> [TASK TO CARRY OUT]:
Where a picture appears, skip it and copy everything else in the listing exactly.

> [RECORDED DATA]:
=== Begin Enclosure ===
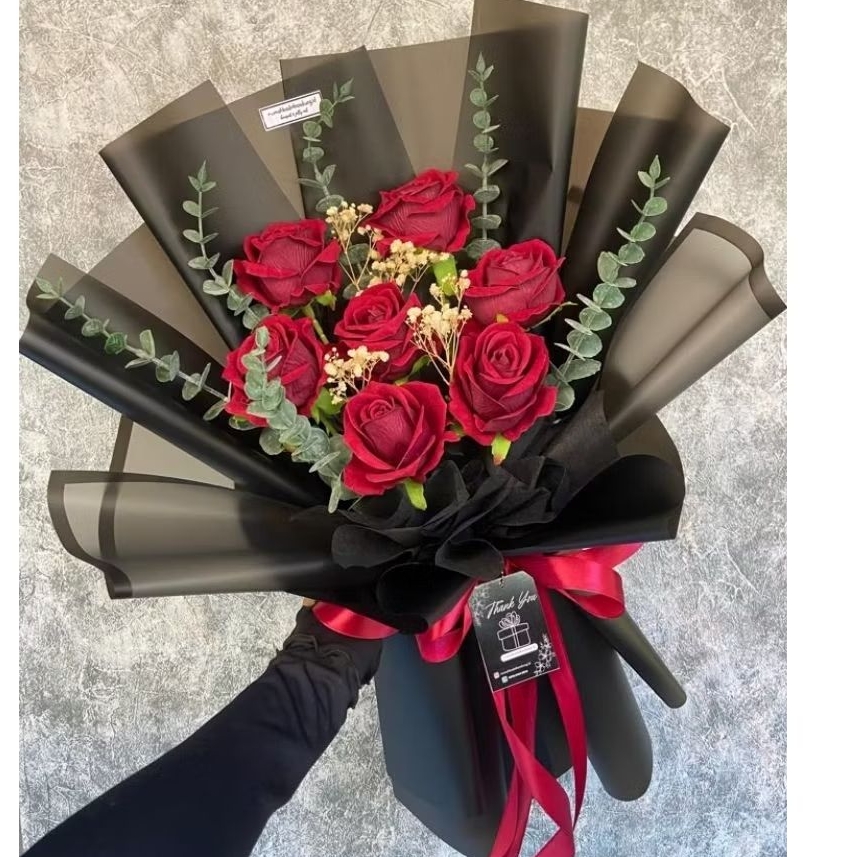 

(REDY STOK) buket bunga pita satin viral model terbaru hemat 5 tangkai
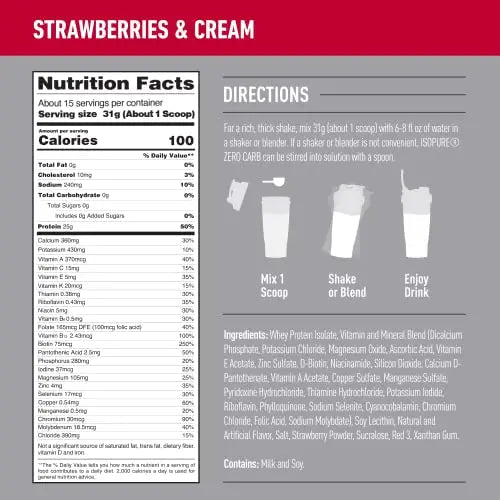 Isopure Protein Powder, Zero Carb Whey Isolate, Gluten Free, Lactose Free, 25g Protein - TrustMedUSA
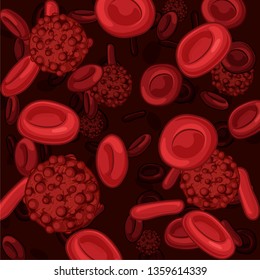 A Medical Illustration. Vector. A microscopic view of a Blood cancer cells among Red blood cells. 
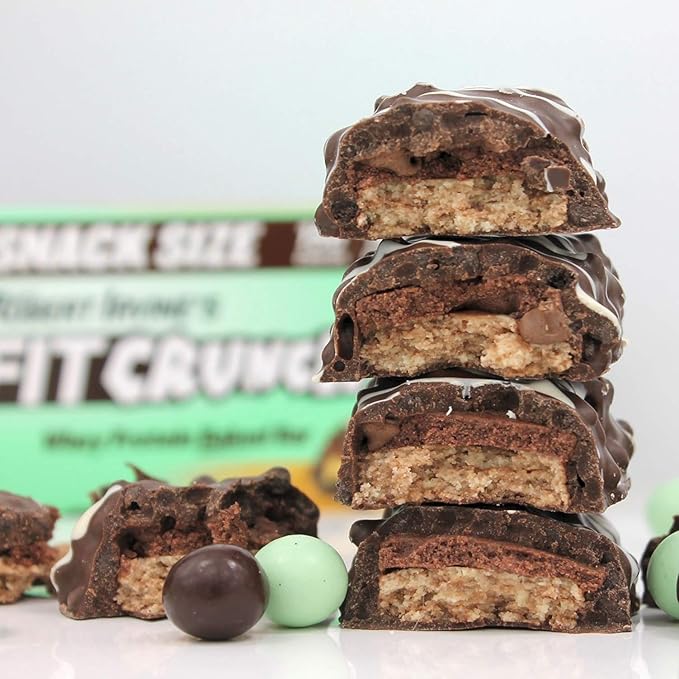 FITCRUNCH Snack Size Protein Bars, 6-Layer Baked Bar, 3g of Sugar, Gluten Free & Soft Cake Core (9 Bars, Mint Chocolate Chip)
=== End Enclosure ===
> [RESPONSE]:
(REDY STOK) buket bunga pita satin viral model terbaru hemat 5 tangkai
 Isopure Protein Powder, Zero Carb Whey Isolate, Gluten Free, Lactose Free, 25g Protein - TrustMedUSA
 A Medical Illustration. Vector. A microscopic view of a Blood cancer cells among Red blood cells. 
 FITCRUNCH Snack Size Protein Bars, 6-Layer Baked Bar, 3g of Sugar, Gluten Free & Soft Cake Core (9 Bars, Mint Chocolate Chip)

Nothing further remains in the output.